Curve ball thrown before London Show finally lands!
The board comes in two forms, one with RISC OS 5.23 and the other with Linux, though it is only the RISC OS version that is currently available. It is based around a Sitara 1.5GHz Cortex-A15 applications processor, and supplied with RISC OS, which is programmed to start up from the on board boot flash.
Whereas the other modern boards on which RISC OS runs, such as the BeagleBoard or the Raspberry Pi, were developed for other purposes, and RISC OS was ported to run on them by some very talented people, the Titanium board was designed from the outset with RISC OS in mind.
The board, which is priced at £415.00 plus VAT and postage, features:
- A Texas Instruments AM5728 Sitara Processor, which features dual Cortex-A15, Cortex-M4 IPU, C66x floating point DSP, and SGX544 3D GPU cores – though note that RISC OS doesn’t at present benefit from all of that.
- 8MB of operating system boot flash, preprogrammed with RISC OS 5.23
- 2GB of DRAM and 2.5MB of on chip fast SRAM.
- Two gigabit Ethernet sockets.
- Two DVI video connections – though with RISC OS, using the second currently shows a test card.
- Six rear USB ports and two more potentially available from the front via a connector on the board.
- A four port SATA interface for hard disc, SSD, or optical drives.
- Two serial ports.
- A micro-SD card socket.
- Stereo audio out, with mono downmix to internal 8ohm speaker.
- Two PCI express sockets for expansion cards such as parallel ports.
- A real time clock, configuration EEPROM, and unique ID chip.
- Connections for standard front panel power/reset buttons and status LEDs.
The board’s dimensions are 6.7″ by 8″ – which is Mini-DTX – with mounting holes to match those found on ATX and micro ATX motherboards, which means the Titanium should fit comfortably in the commonly available ATX form factor cases.
Optional accessories available include a printed Technical Reference Manual and I/O back panel.
To make use of the board, you will obviously need to source a suitable case and power supply, along with all the usual peripherals – mouse, keyboard, screen (with a DVI-D or DVI-I input) and so on. The power supply in particular needs to be ATX12V version 2.3 or later compliant; earlier versions had minimum load currents, below which they may not switch on – and the low-powered Titanium may be below that minimum.

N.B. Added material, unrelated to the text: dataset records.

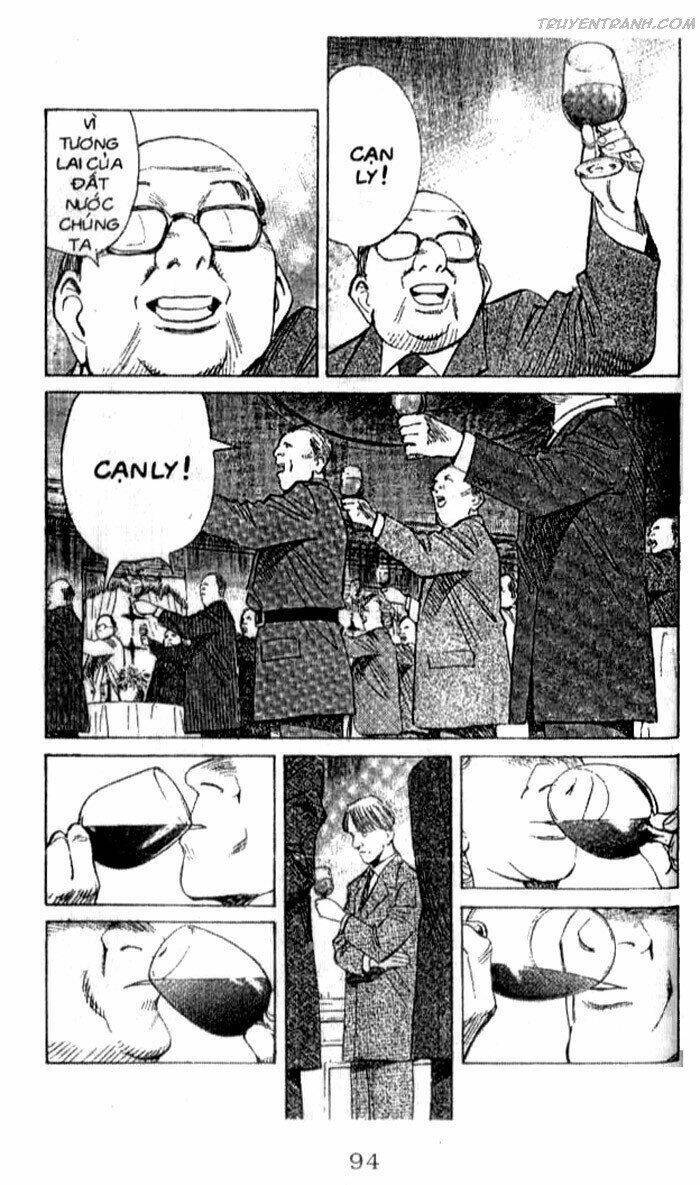 monster - naoki urasawa chương 142 - Trang 2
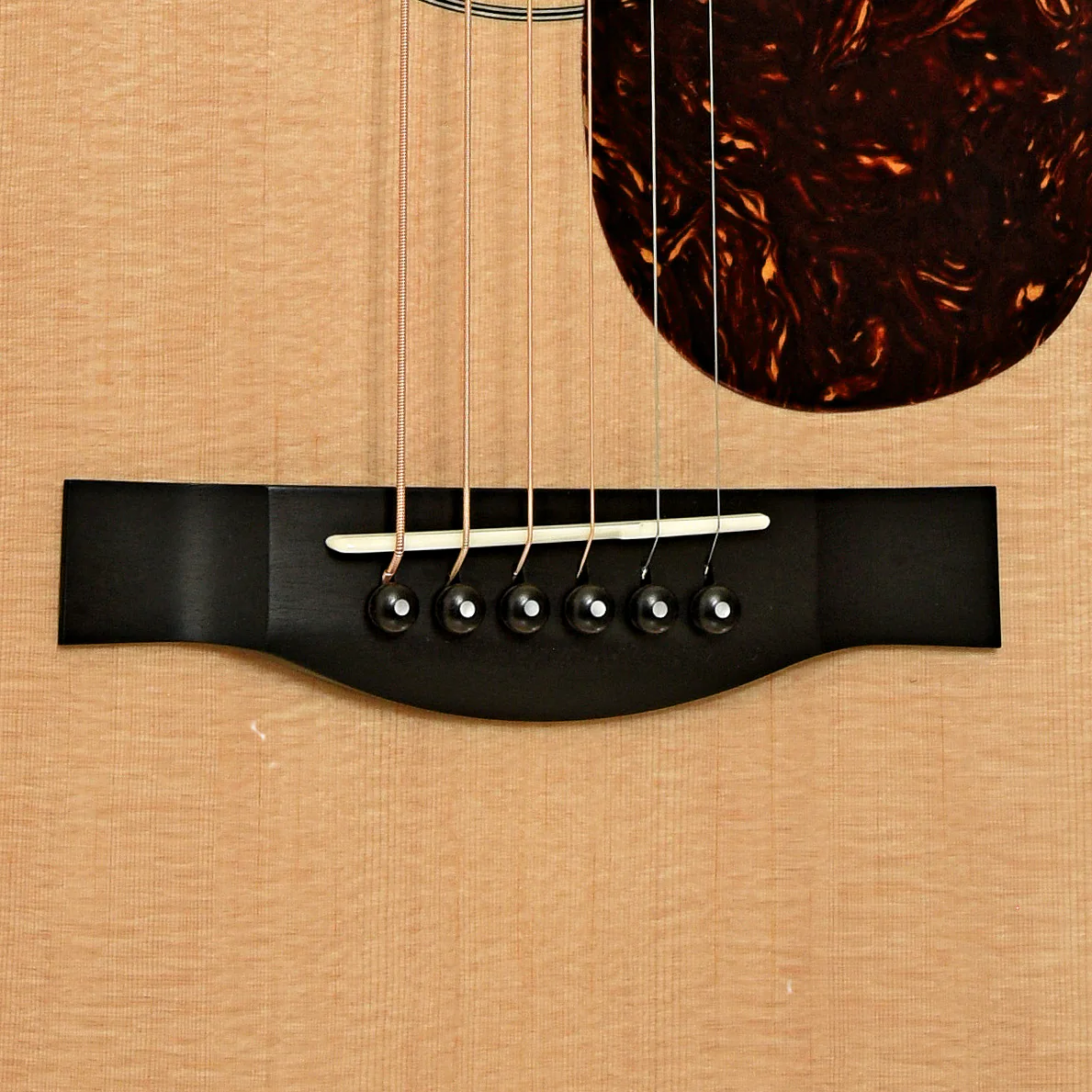 Santa Cruz 50th Anniversary Limited Edition OMPW Acoustic Guitar - Image 5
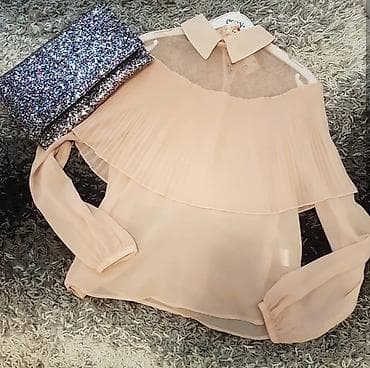 torbice david jones: Kosulje u bebi roze boji uvoz Turska. Velicine s m l i xl. OSTALA SAMO — 1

For those who may be a little more squeamish about turning a motherboard and components sourced elsewhere into a working machine, another option would be to purchase a complete system, with the board already put together with components tested and known to be suitable. Elesar Ltd doesn’t offer complete systems, so recommends contacting either CJE Micro’s or R-Comp Interactive to see what they have available – or wait to see what the two companies announce themselves.